Word for word, write the lines below out again, with no pictures.

------ Available data ------

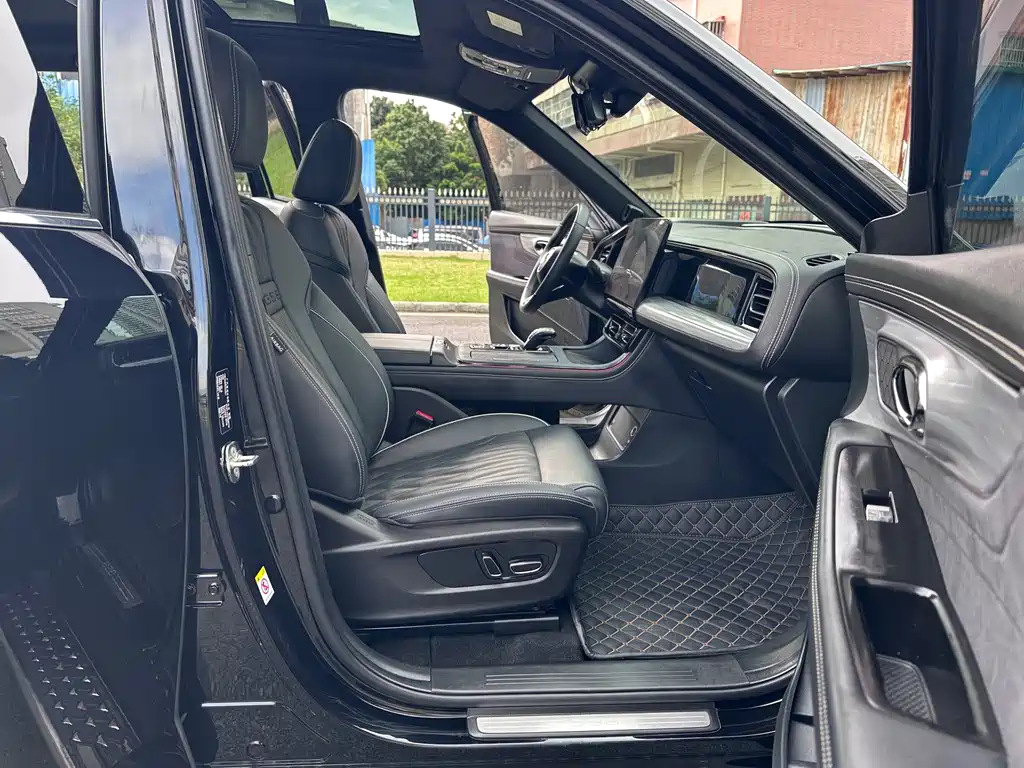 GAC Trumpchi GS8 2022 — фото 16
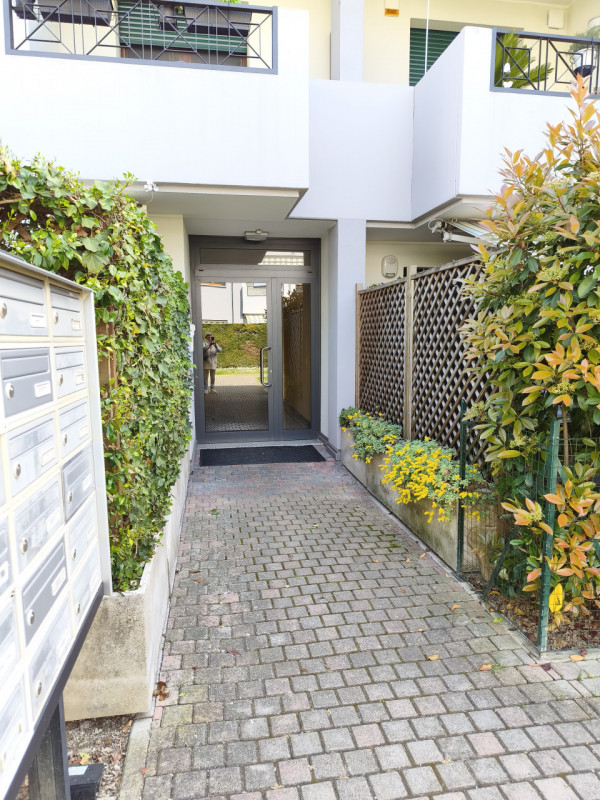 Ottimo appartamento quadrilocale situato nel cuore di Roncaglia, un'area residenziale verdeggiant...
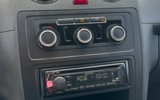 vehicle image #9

------

Task answer –
 GAC Trumpchi GS8 2022 — фото 16
 Ottimo appartamento quadrilocale situato nel cuore di Roncaglia, un'area residenziale verdeggiant...
 vehicle image #9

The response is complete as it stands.